## What to produce
Any picture in the range stays out of the copy; retype exactly the lines from the one with "Tommy Bahama 100%" to the end of the listing.

## Information supplied
★ ★ ★ ★ ★ ★ ★

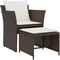 vidaXL - Tuinstoel - met - voetenbank - poly - rattan - bruin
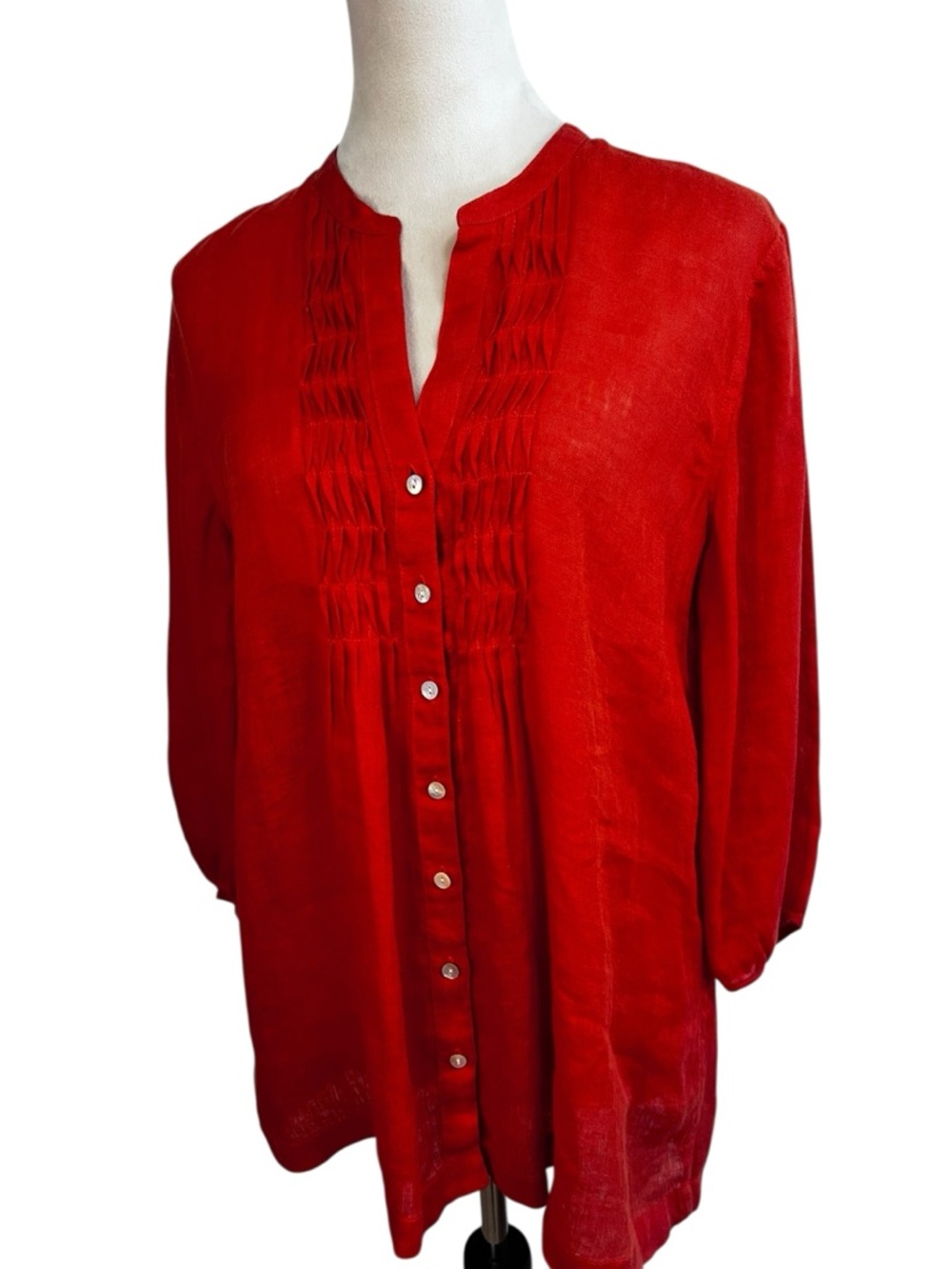Tommy Bahama 100% Linen Coral Red Pintuck Button Front Blouse Small 3/4 Sleeve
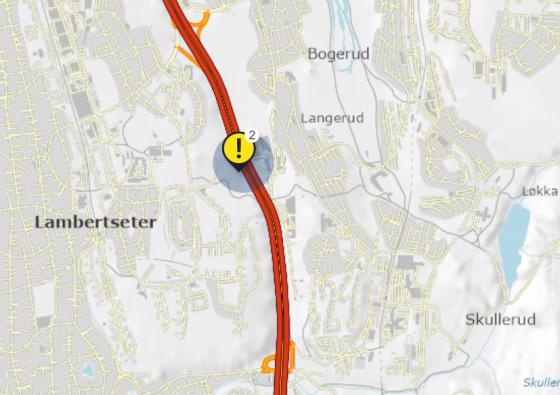 To ulykker markert på Statens vegvesens kart over trafikkuhell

★ ★ ★ ★ ★ ★ ★

## Task answer
Tommy Bahama 100% Linen Coral Red Pintuck Button Front Blouse Small 3/4 Sleeve
 To ulykker markert på Statens vegvesens kart over trafikkuhell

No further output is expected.